Mary hatte sich vergeblich gewehrt. Sie hatte gekratzt und sogar gebissen, sich geweigert zu laufen. Die Wachen des Gefängnisses aber hatten sie im Nu überwältigt, ihr die Hände auf dem Rücken fixiert und einen Knebel in den Mund gesteckt. „Gleiches Recht für Frauen!“, hatte Mary immer wieder ausgerufen. Bis zuletzt. Aus den anderen Zellen tönten laute Stimmen mit ein.
„Halte durch, Schwester!“
„Sie können dich festhalten, aber nicht deinen Kampfgeist brechen!“
„Zeig ihnen, dass wir nicht das schwache Geschlecht sind!“
„Niemals wieder unter der Knechtschaft der Ehemänner!“
Mary versuchte ruhig zu atmen und sich auf das Kommende vorzubereiten, während man sie durch den langen Gang des Zellenblocks schleifte. Zu jenem Raum, von dem sie schon so viel gehört hatte. Im Geiste begann sie zu beten.

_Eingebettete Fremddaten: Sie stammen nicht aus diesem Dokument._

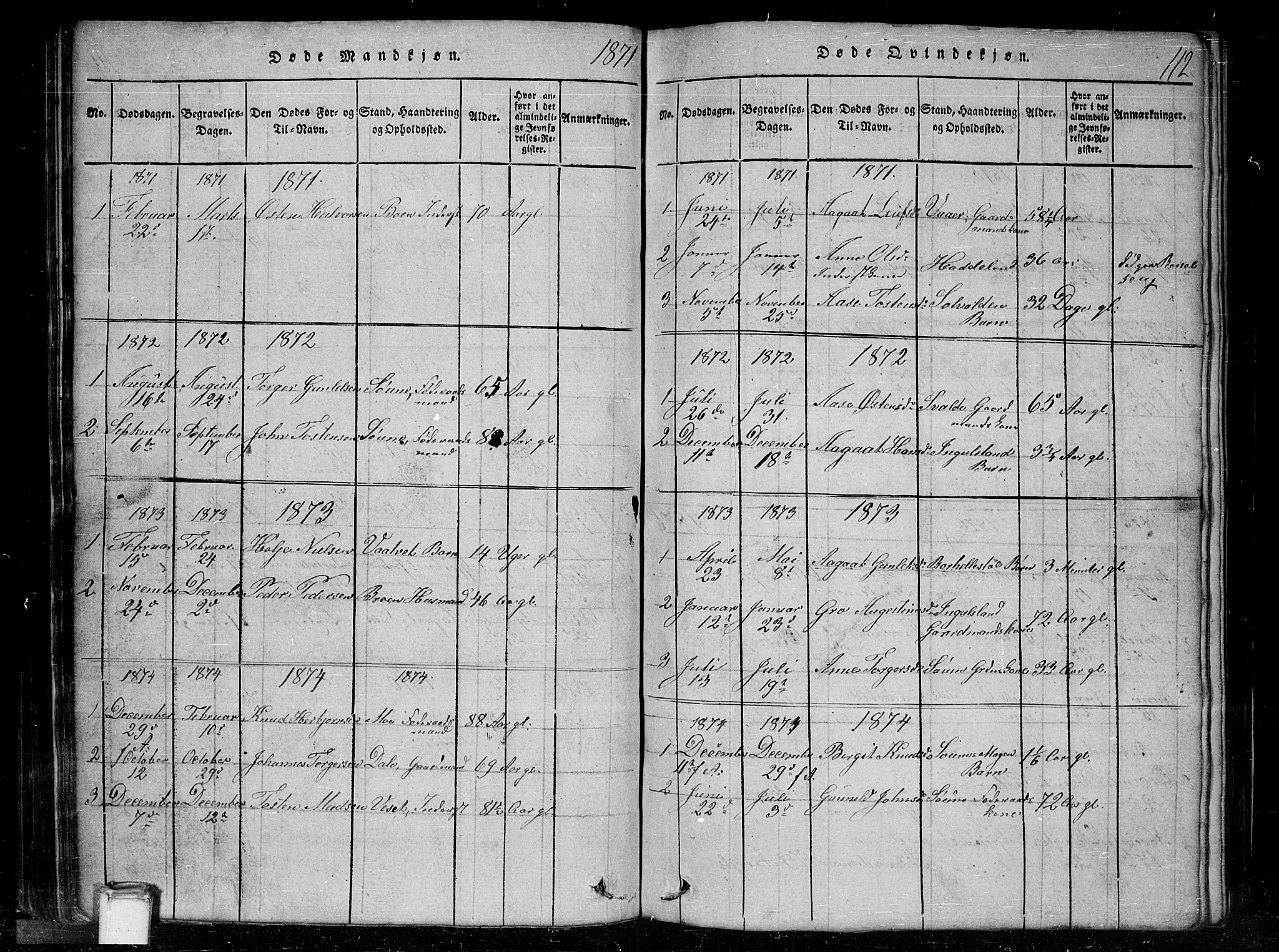Tinn kirkebøker, SAKO/A-308/G/Gc/L0001: Parish register (copy) no. III 1, 1815-1879, p. 112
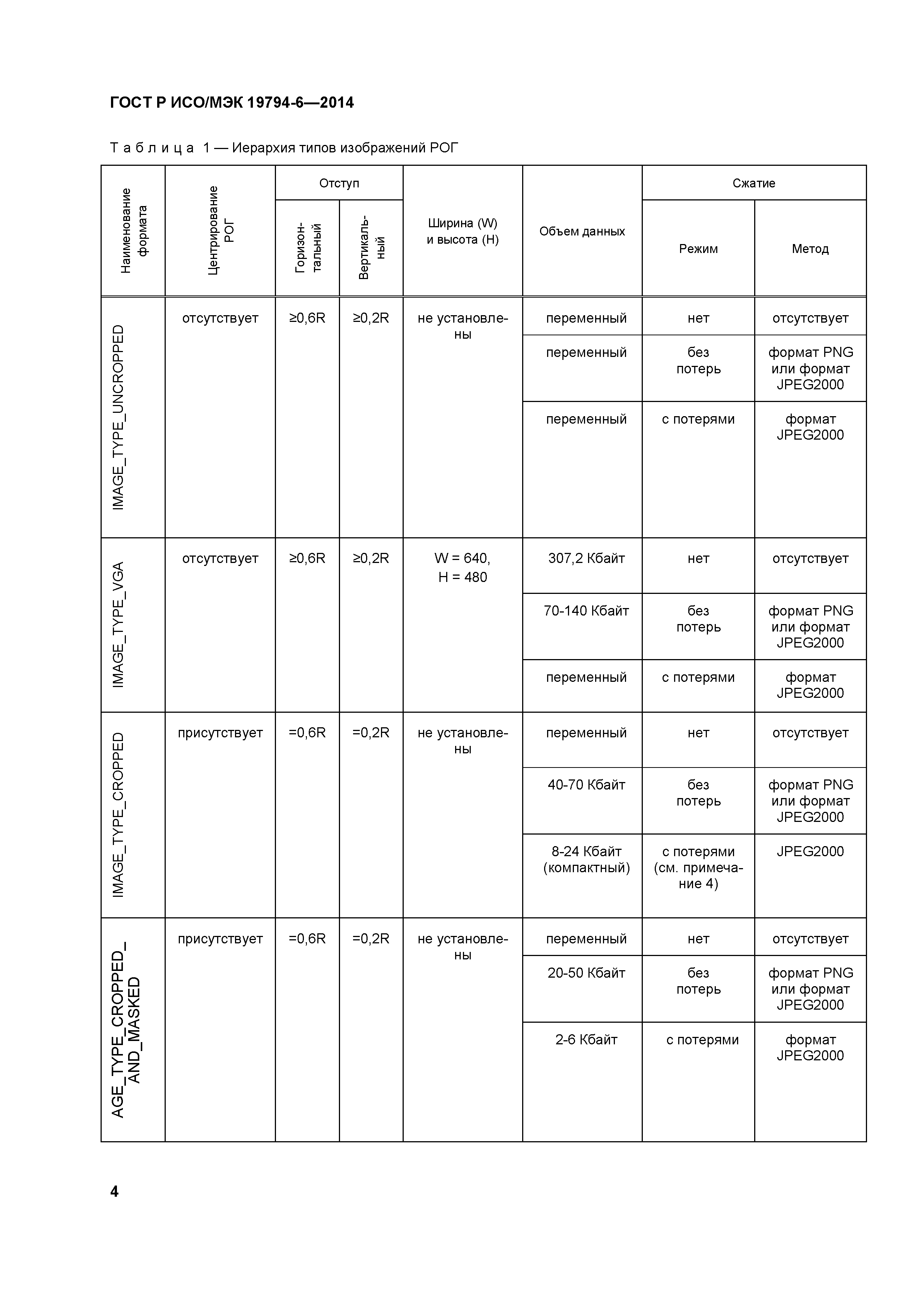 ГОСТ Р ИСО/МЭК 19794-6-2014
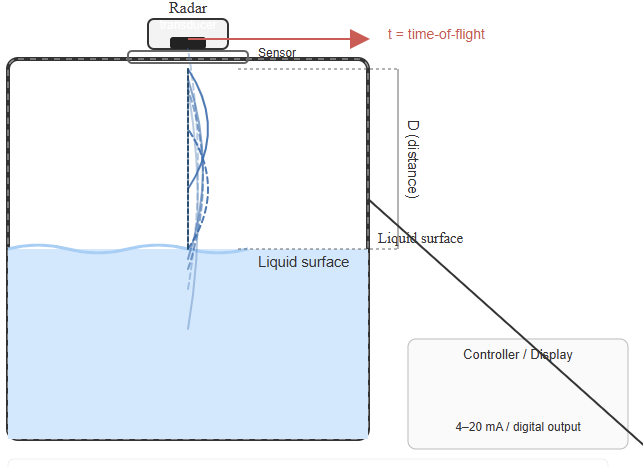 Radar Sensor Operation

„Vater unser, der du bist im Himmel … lass nicht zu, dass sie mich brechen, wie du es nicht zugelassen hast bei deinem Sohn…“
Mary war nie besonders gläubig gewesen, doch es konnte nicht schaden.
Als sich die Tür öffnete, erkannte sie sogleich, was ihr bevorstand:
Ein Stuhl, auf dem man sie fixieren würde.
Ein Tisch, auf dem alles schon bereitstand.
Ein Trichter, daran ein Schlauch aus rotem Gummi.
Ein Krug mit Haferschleim darin.
Schon der Anblick ließ Marys Kehle zusammenkrampfen.
Jetzt nur keine Schwäche zeigen, nahm sie sich vor.
Sie wusste, dass die Zwangsernährung eine Tortur war, die schon viele Schwestern erlitten hatten. Es würde nicht lange dauern. Dann würde man sie zurück in die Zelle bringen.
Noch zehn weitere Tage. Dann wäre ihre erste Haft überstanden. Sie würde einen Strauß mit violetten Veilchen bekommen, eine Schärpe in den Farben der Suffragetten und eine Urkunde, die ihr im Namen von Mrs. Pankhurst bescheinigte, dass sie nun ganz offiziell zu ihnen gehörte.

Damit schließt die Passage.